→ AIM OF THE TASK
Give exactly the lines from the one with "Handwoven Mustard yellow" through the final line of the listing below, both included, leaving out any pictures.
───── PROVIDED DATA ─────
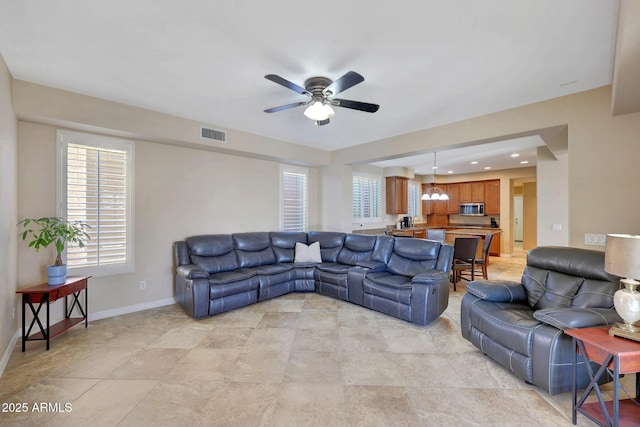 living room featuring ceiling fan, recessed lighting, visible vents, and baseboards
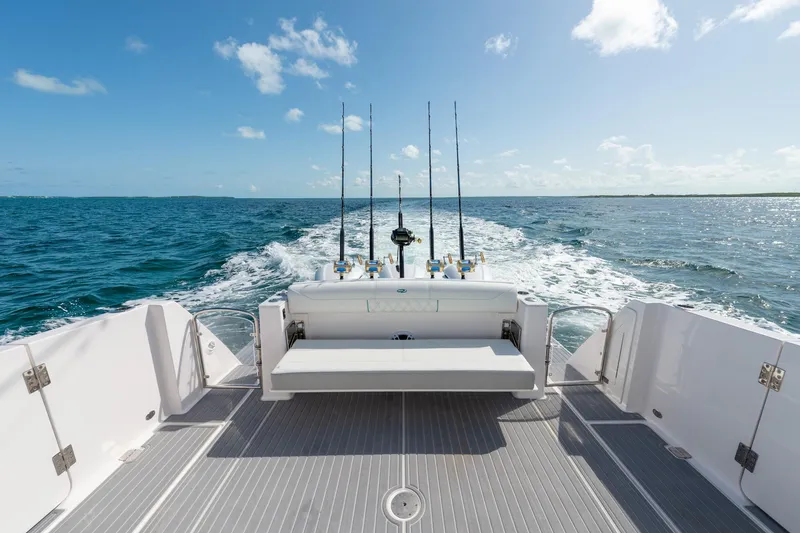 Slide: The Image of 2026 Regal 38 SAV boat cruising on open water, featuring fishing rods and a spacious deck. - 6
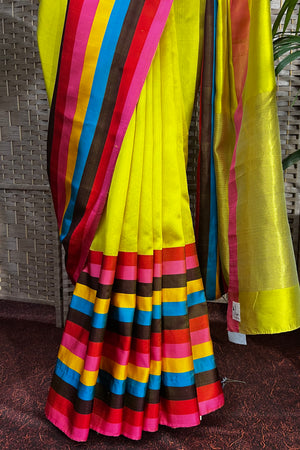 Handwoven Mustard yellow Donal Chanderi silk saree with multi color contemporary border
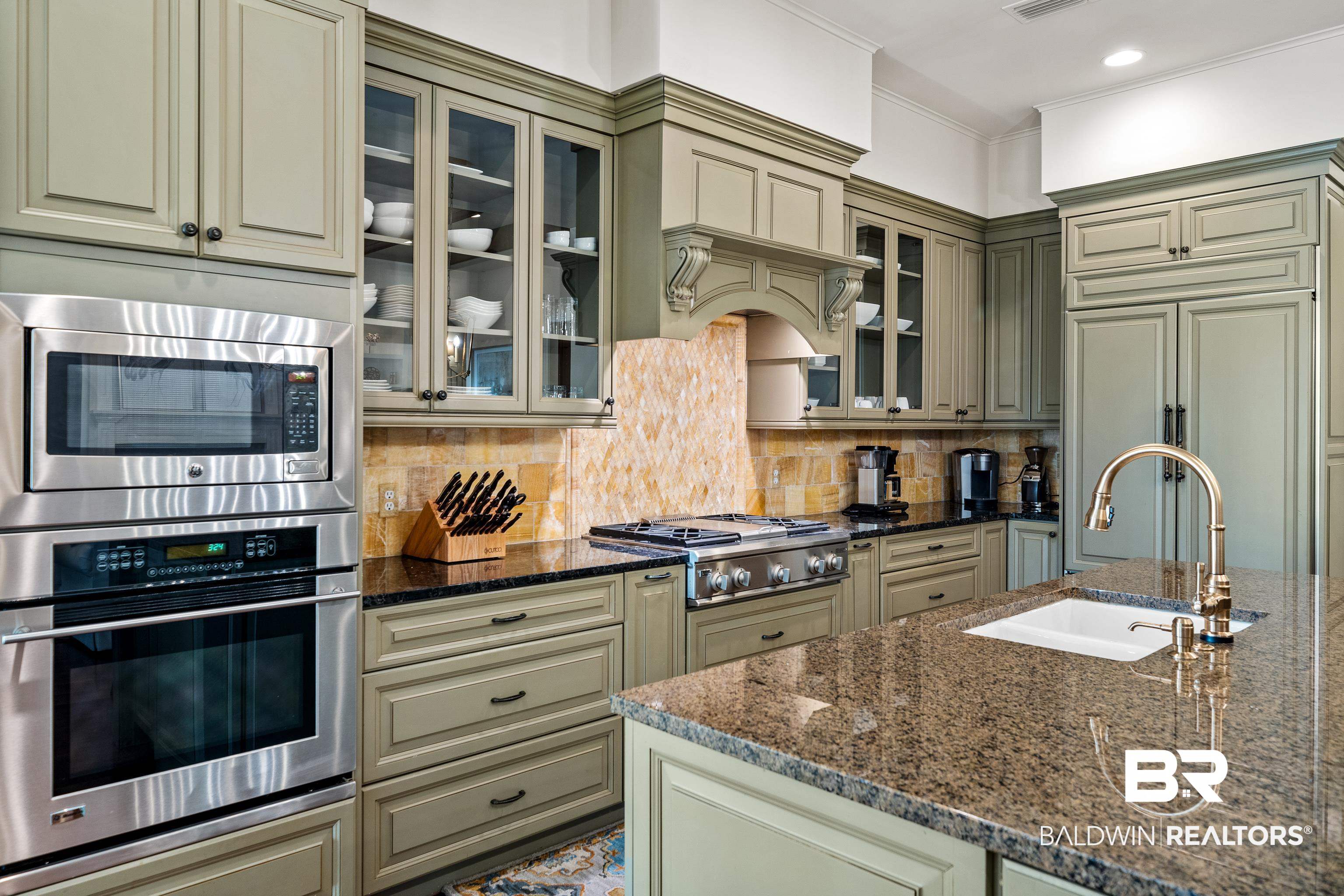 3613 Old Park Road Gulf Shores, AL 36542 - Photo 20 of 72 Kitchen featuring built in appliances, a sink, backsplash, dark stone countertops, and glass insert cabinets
─────
→ ANSWER TO THE PROBLEM
 Handwoven Mustard yellow Donal Chanderi silk saree with multi color contemporary border
 3613 Old Park Road Gulf Shores, AL 36542 - Photo 20 of 72 Kitchen featuring built in appliances, a sink, backsplash, dark stone countertops, and glass insert cabinets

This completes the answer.